▸ Available data:
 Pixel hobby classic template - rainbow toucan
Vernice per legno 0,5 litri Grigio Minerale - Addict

==

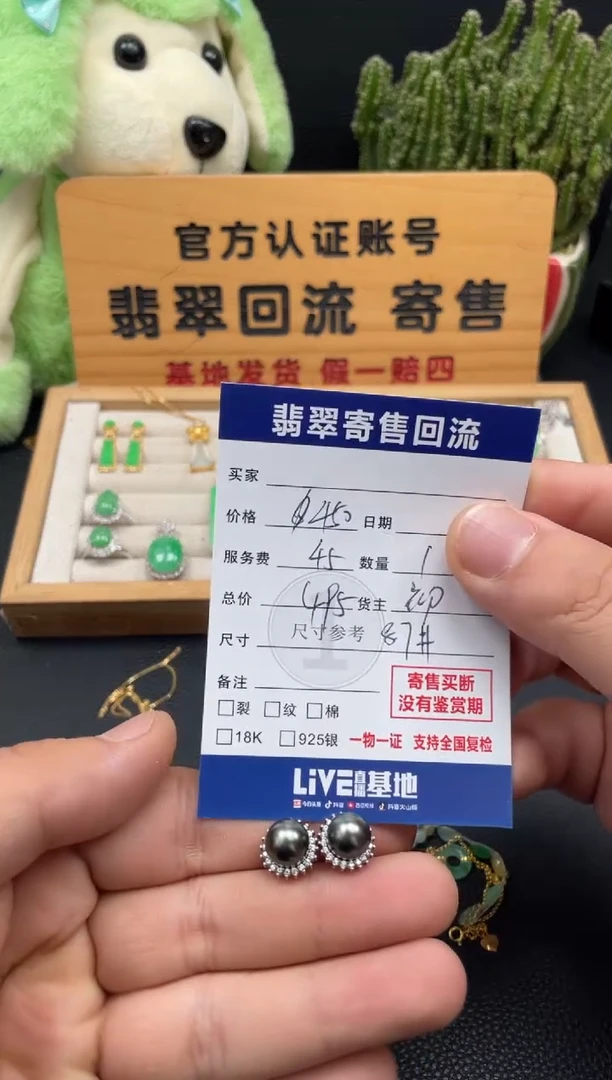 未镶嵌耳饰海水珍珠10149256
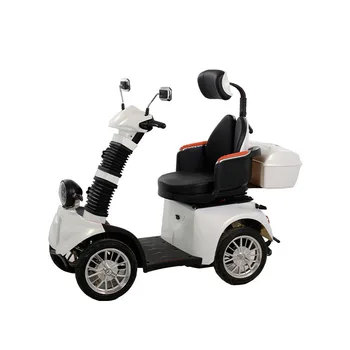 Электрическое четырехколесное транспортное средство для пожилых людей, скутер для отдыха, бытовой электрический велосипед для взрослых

▸ Required work: Please reproduce the lines from the line with "Pixel hobby classic" to the line with "Vernice per legno", both ends included, exactly as they appear above.

▸ Solved problem:
 Pixel hobby classic template - rainbow toucan
Vernice per legno 0,5 litri Grigio Minerale - Addict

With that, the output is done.